What is expected =>
Only the lines from the one containing "Playera Anime Hombre" to the end of the material are to be copied, exactly and in full; images stay out.

Dataset records =>
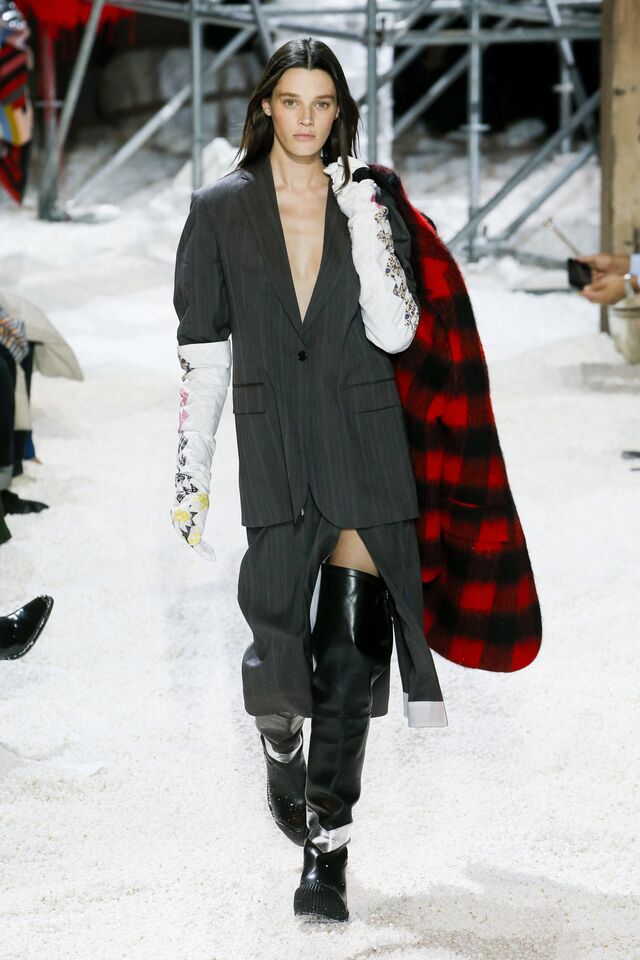 Calvin Klein outono/inverno 2018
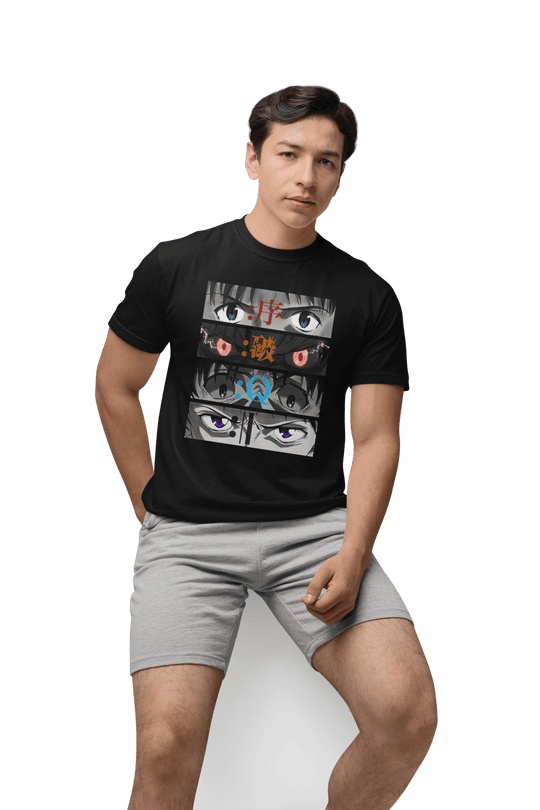 Playera Anime Hombre Algodon Evangelion Mecha Shinji Beloma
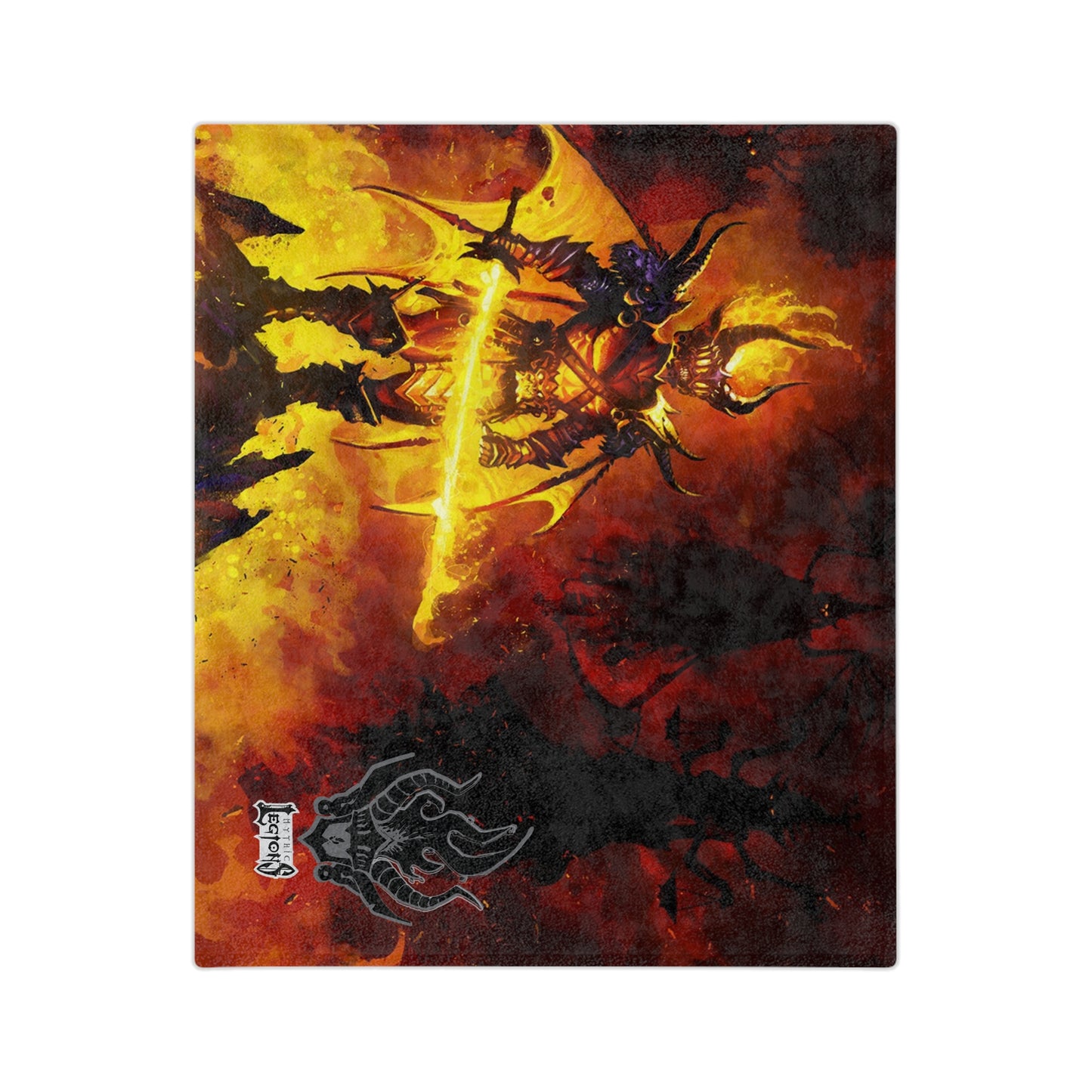Arethyr | Mythic Legions | Velveteen Microfiber Blanket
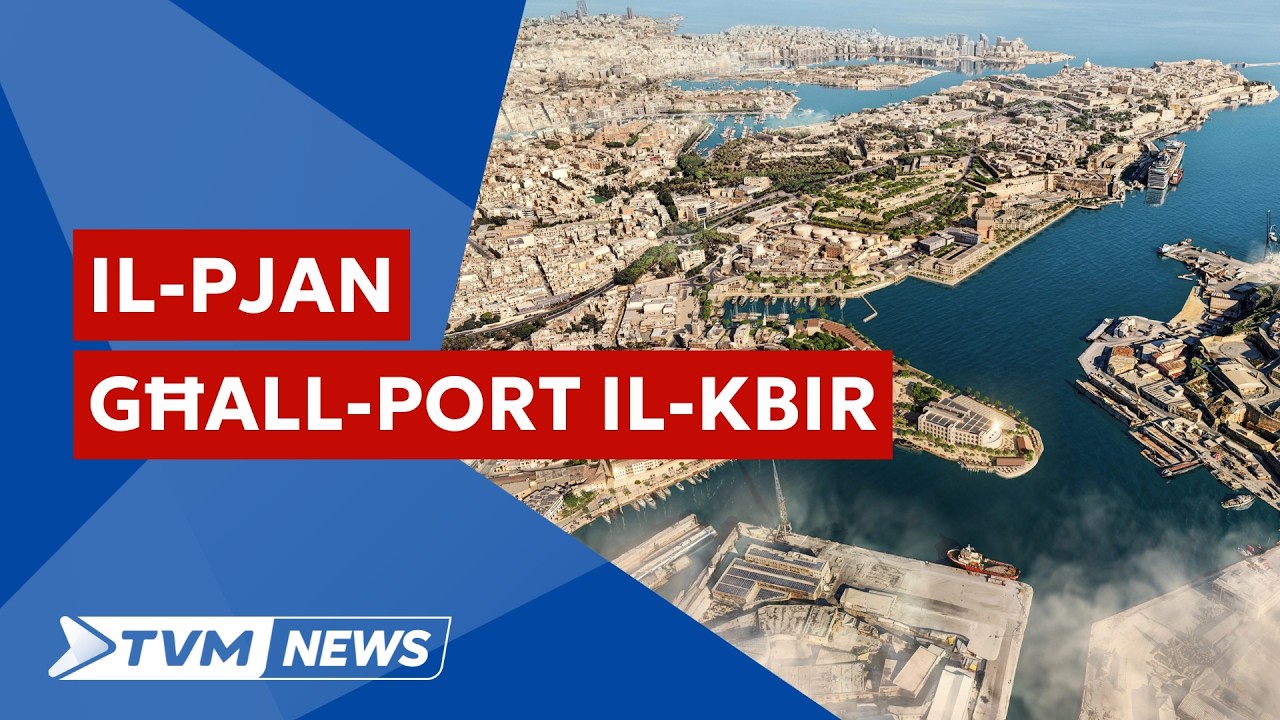 Jispjegaw l-ewwel passi tar-riġenerazzjoni tal-Port il-Kbir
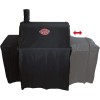 Char-Griller 23 In. Barrel Grill Cover Fits Models: 2123, 2823,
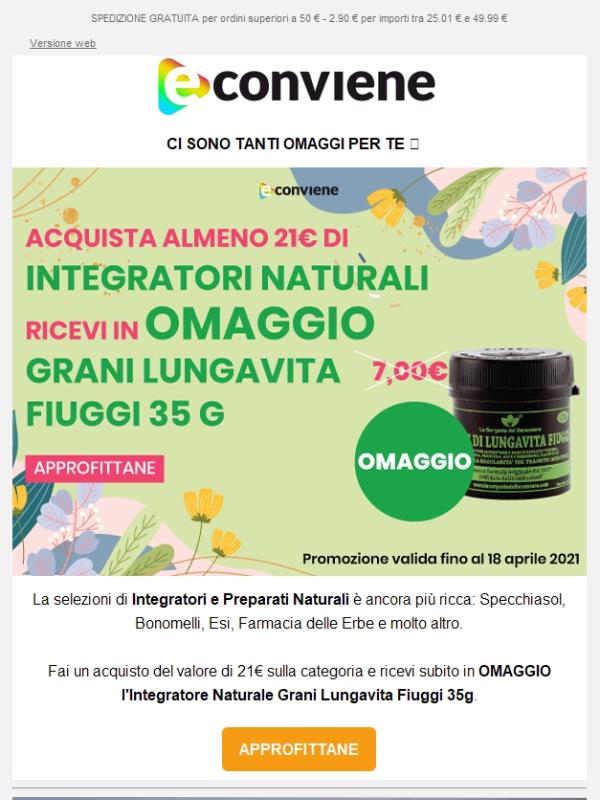 Tanti omaggi per te🎁
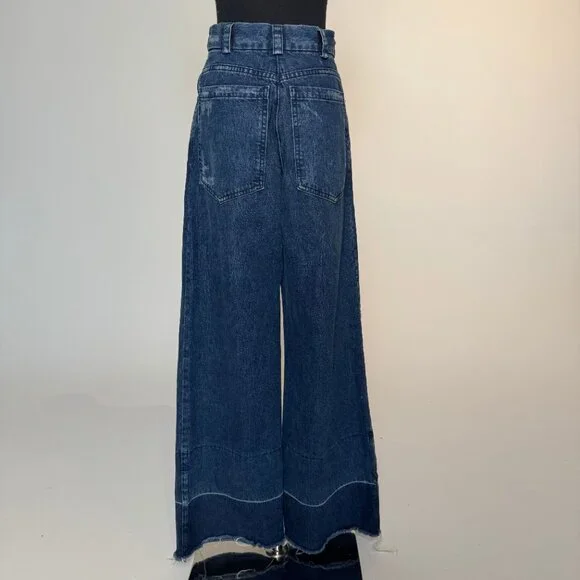 RACHEL COMEY Legion Pant in Indigo - Picture 3 of 4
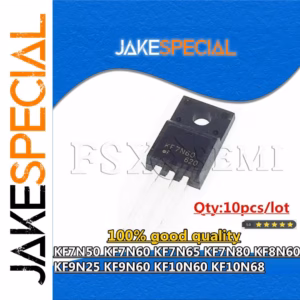 10PCS TO-220F MOSFETs Set for Circuit Upgrade
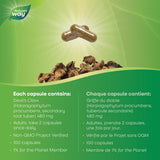 Nature's Way etiqueta sin gluten y vegana para dieta sensible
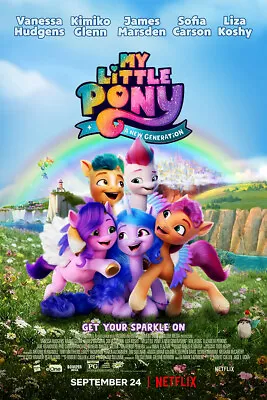 My Little Pony A New Generation 2 Movie 2021 Animation Wall Art - POSTER 20x30 • $23.99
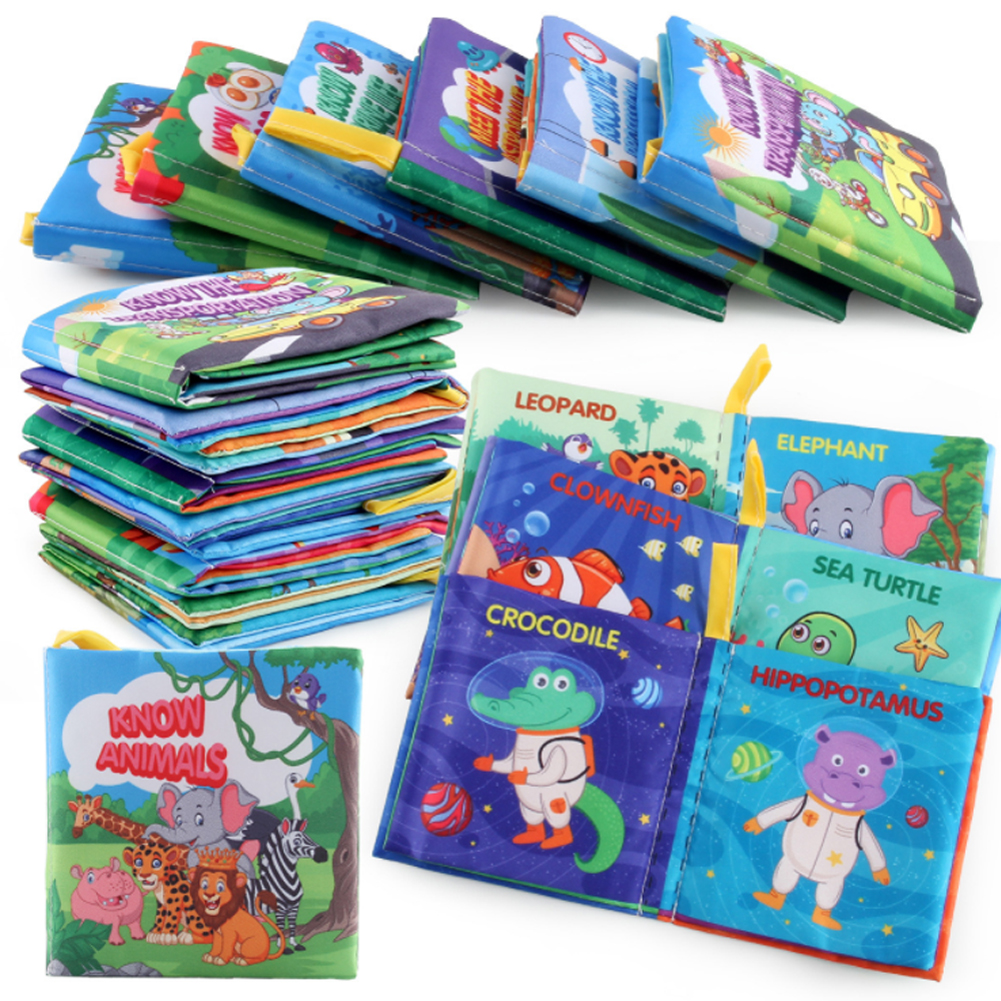 หนังสือผ้าสำหรับเด็กเล็ก ของเล - Kids Education Age บทวิจารณ์และราคา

Solution below =>
 Playera Anime Hombre Algodon Evangelion Mecha Shinji Beloma
Arethyr | Mythic Legions | Velveteen Microfiber Blanket
 Jispjegaw l-ewwel passi tar-riġenerazzjoni tal-Port il-Kbir
 Char-Griller 23 In. Barrel Grill Cover Fits Models: 2123, 2823,
 Tanti omaggi per te🎁
 RACHEL COMEY Legion Pant in Indigo - Picture 3 of 4
 10PCS TO-220F MOSFETs Set for Circuit Upgrade
 Nature's Way etiqueta sin gluten y vegana para dieta sensible
 My Little Pony A New Generation 2 Movie 2021 Animation Wall Art - POSTER 20x30 • $23.99
 หนังสือผ้าสำหรับเด็กเล็ก ของเล - Kids Education Age บทวิจารณ์และราคา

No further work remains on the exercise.